In the end, in his own fashion, Donald Trump may be in the process of closing down this country (at least as we once knew it) and lending a hand to doing the very same thing for Planet Earth (at least as we once knew it). Just what the results of all this will be, we obviously don’t yet know. Count on one thing, though: it ain’t going to be pretty and not just because, with his latest 25% tariffs on aluminum and steel, the costs of products that use either of them (and probably so much else) are going to rise grimly.
No question, though, that decline preceded him into office or, best guess, he never would have been elected in the first (no less second) place. After all, this country was already losing some of its stature globally long before The Donald decided to shut down most aid to the world, while doing his damnedest (with the 13 billionaires he’s appointed to his administration) to ensure that the already wildly wealthy will, in the future, leave the rest of America in a ditch.
And yes, he’s certainly going to be President Decline, Baby, Decline. Don’t, for a second, be fooled by his very open urge, in a strikingly McKinleyesque fashion, “to expand our territory” — to grab, that is, or at least dream about grabbing yet more territory for imperial America, ranging from Greenland and the Panama Canal to that 51st state Canada, and, of course, Gaza.
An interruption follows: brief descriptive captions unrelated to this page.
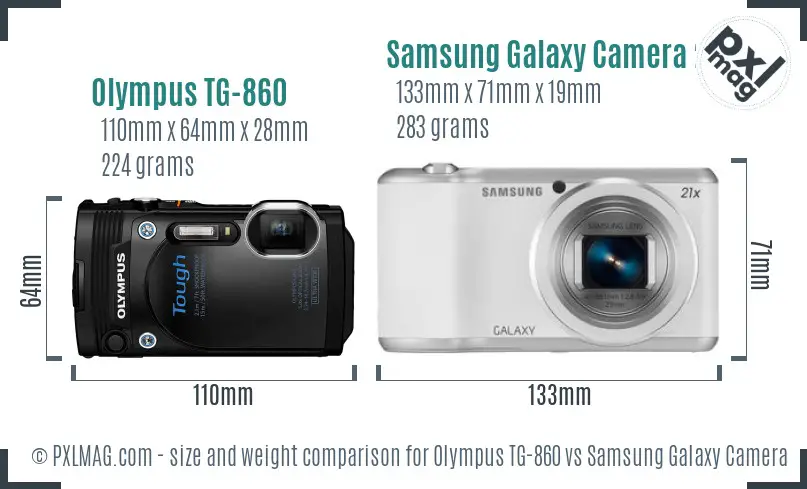 Olympus TG-860 vs Samsung Galaxy Camera 2 size comparison Olympus TG-860 vs Samsung Galaxy Camera 2 size comparison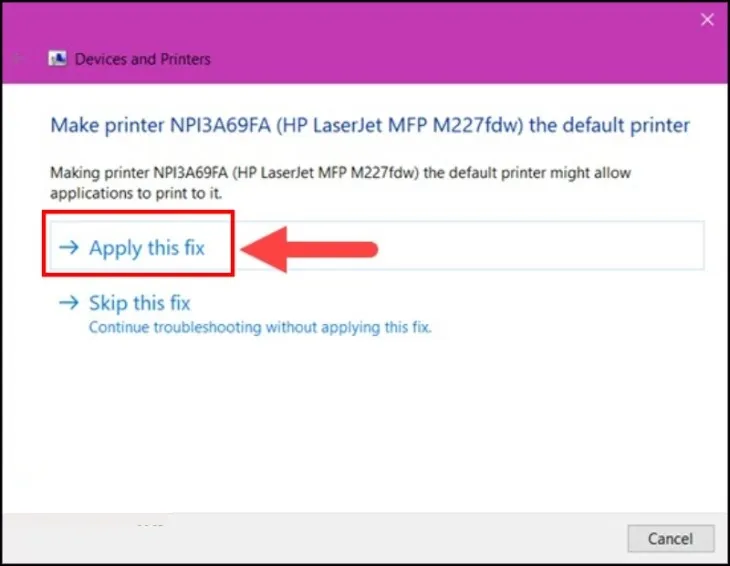 Bạn cần nhấn Apply this fix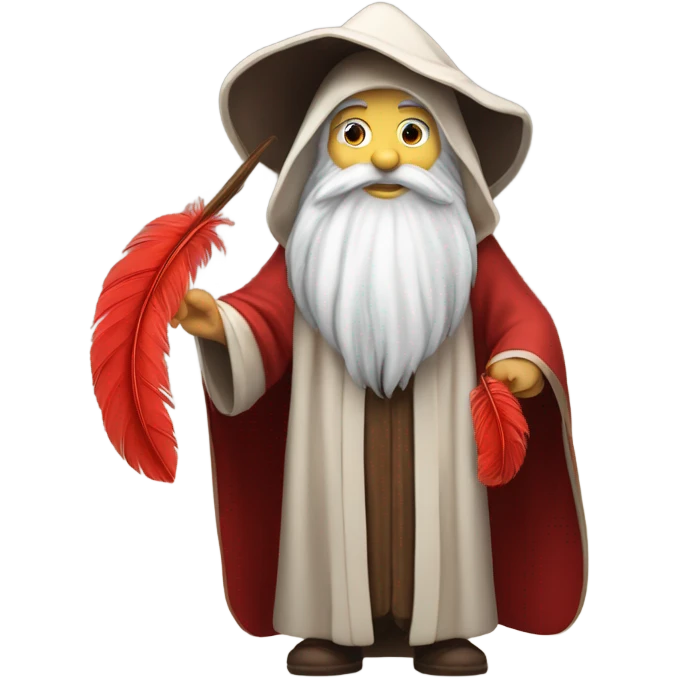 wizard holding a red feather emoji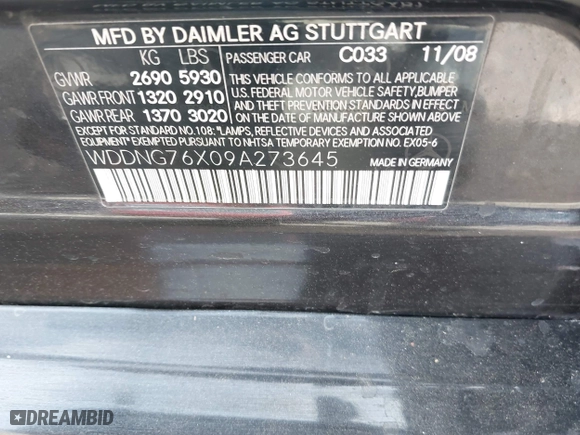 2009 Mercedes-Benz S-Class 5.5L V12 with VIN WDDNG76X09A273645, listed as a IAAI auction lot 41927453 with 1 mi miles. Bid and sale history available at carsss.com. Image 9.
The urge to return to a nineteenth-century version of imperialism, even as he does his best (or worst?) to take this country and this planet down, is striking, to say the least. Especially as, in the wake of the McKinley moment, the American version of imperialism normally involved a far more subtle kind of control over significant parts of this planet, rather than the Trumpian urge to simply grab what you can, bit by bit, island by island, country by country.
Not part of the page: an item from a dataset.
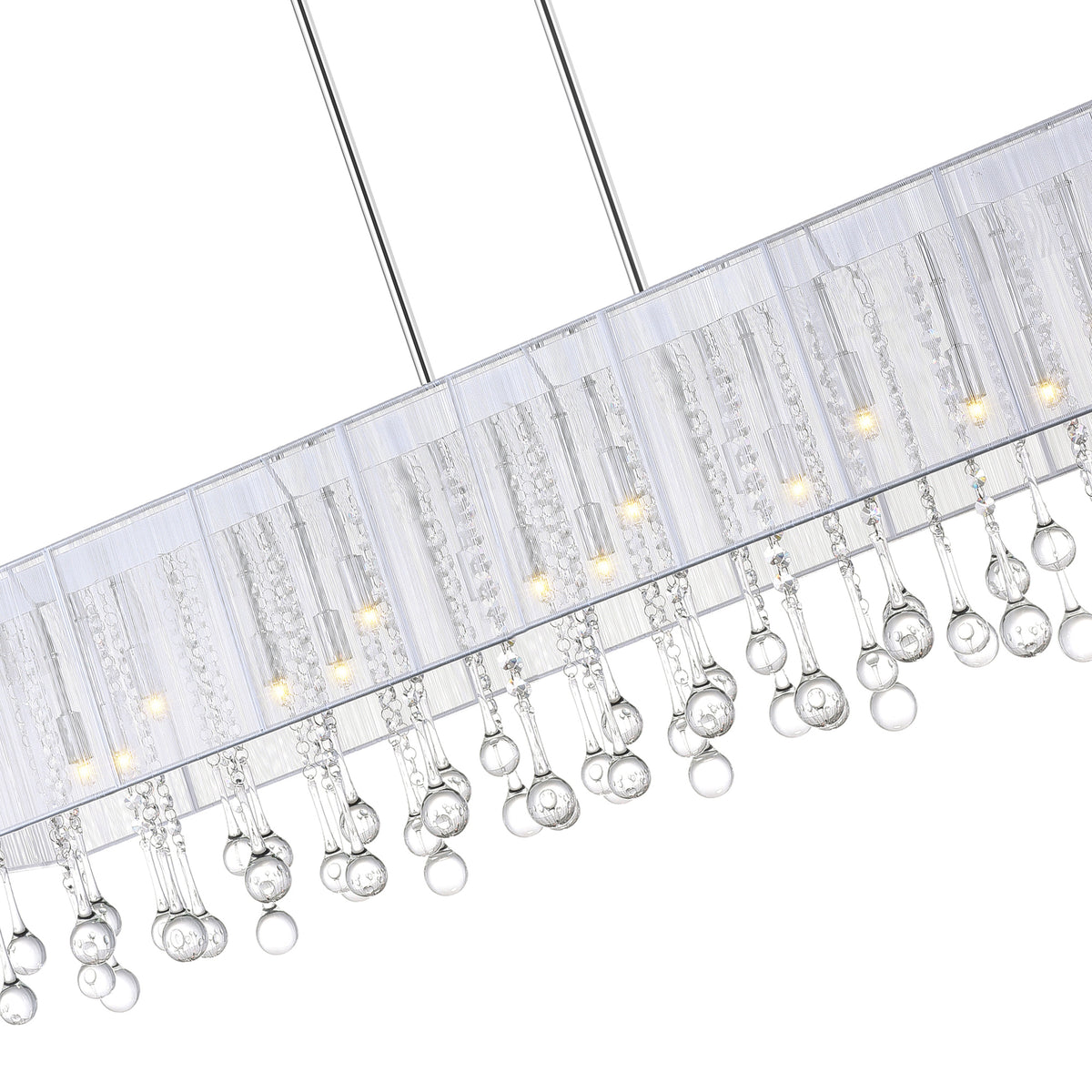 Water Drop 17 Light Drum Shade Chandelier With Chrome Finish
Of course, on a planet that itself is beginning to come apart at the seams, such a president, a man focused on himself above all else, is no small disaster. Four more years of Donald Trump should worry anyone, whether your fears have to do with the dismantling of this country or the taking down of our world. In fact, think of Donald Trump’s America as the planetary equivalent of a memecoin. While he and his family may win something significant, don’t count on that for the rest of us, including the 49.7% of American voters in the last election who bought into his scheme.
The Big D — whether you want to think of it as Decline, Dysdopia, Denial, or simply Donald — is now ours for four long, long years. And that couldn’t be sadder.